On 03/16/2018 10:21 PM, Alexander Dalloz wrote:
Am 16.03.2018 um 13:07 schrieb hw:
[...] # lmtp cmd="lmtpd -a" listen="lmtp:127.0.0.1" prefork=4 lmtpunix cmd="lmtpd -a" listen="/var/lib/imap/socket/lmtp" prefork=4 [...]
Both definitions are wrong:
- the lmtp line
man cyrus.conf
listen=<no default> The UNIX or internet socket to listen on. This string field is required and takes one of the following forms:
path [ host : ] port
So listen="lmtp:127.0.0.1" is utterly nonsense. It would be listen="127.0.0.1:lmtp" if you want to restrict access to localhost.
Right, that must have come from all the experimentation and gone unnoticed.
- the lmtpunix line
man lmtpd
-a
Preauthorize connections initiated on an internet socket, instead of requiring LMTP AUTH. This should only be used for connections coming from trusted hosts.
So no pre-auth on the unix socket.
I read it such that '-a' means I don´t need to worry about authorization.

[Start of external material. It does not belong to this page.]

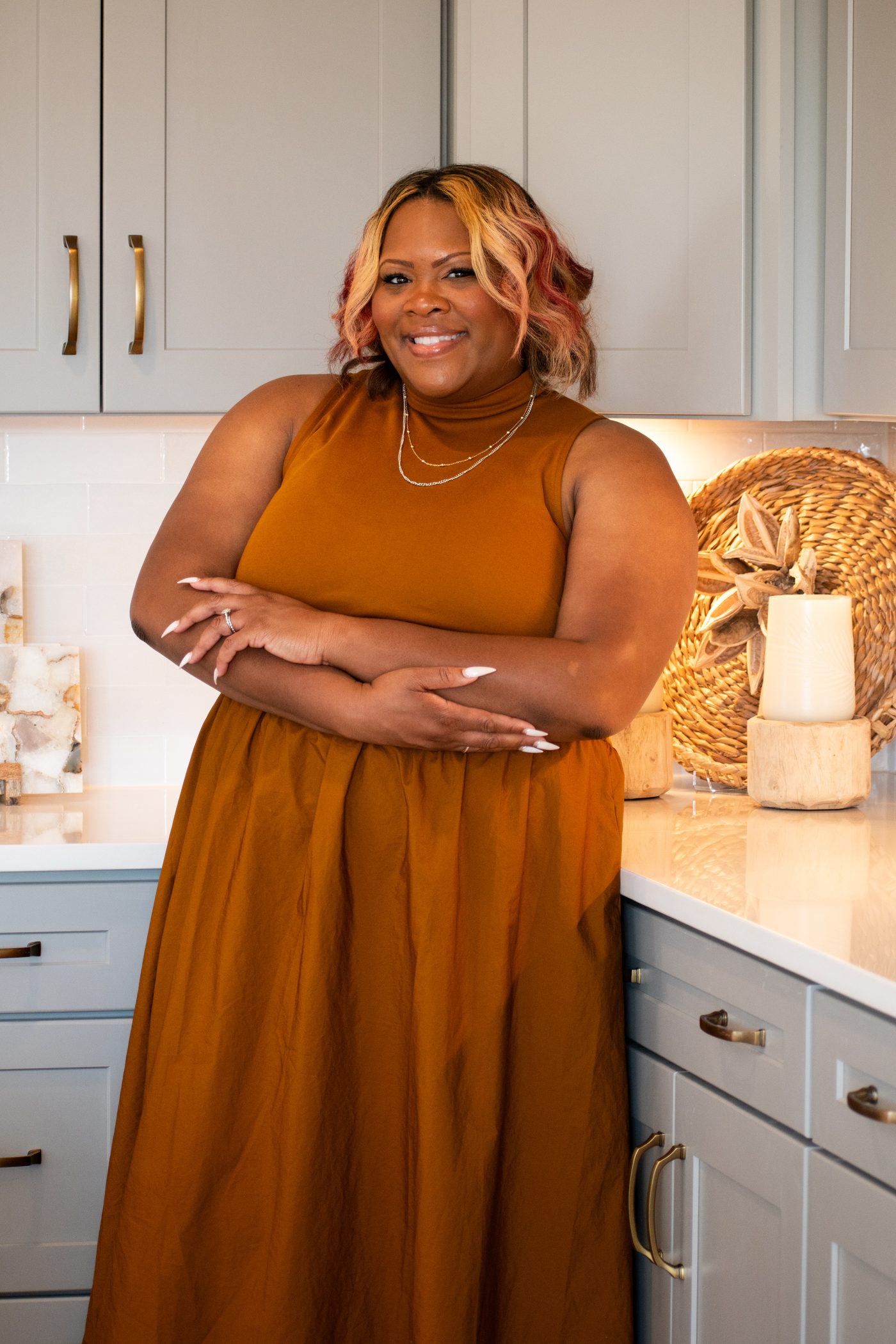 Quantella Simmons-Kinard at her desk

Do you mean to say it should only be used when the socket is not a file? If that is so, the manpage should say that, and it should say what the option does when the socket is a file. Maybe it´s ignored for files, maybe it breaks stuff. The manpage does not say that authorization is omitted when the socket is a file, so what does it actually say?
And why do you define a prefork of 4?
Why not? The server has 4 cores, and I haven´t read any suggestions yet about how many processes should be preforked. I can imagine it might not make sense or not work at all when the socket is a file and that it might not make sense when the socket is not a file because there are no other hosts connecting. IIRC exim can spawn processes to do deliveries, so it might yet make sense despite no other hosts connect.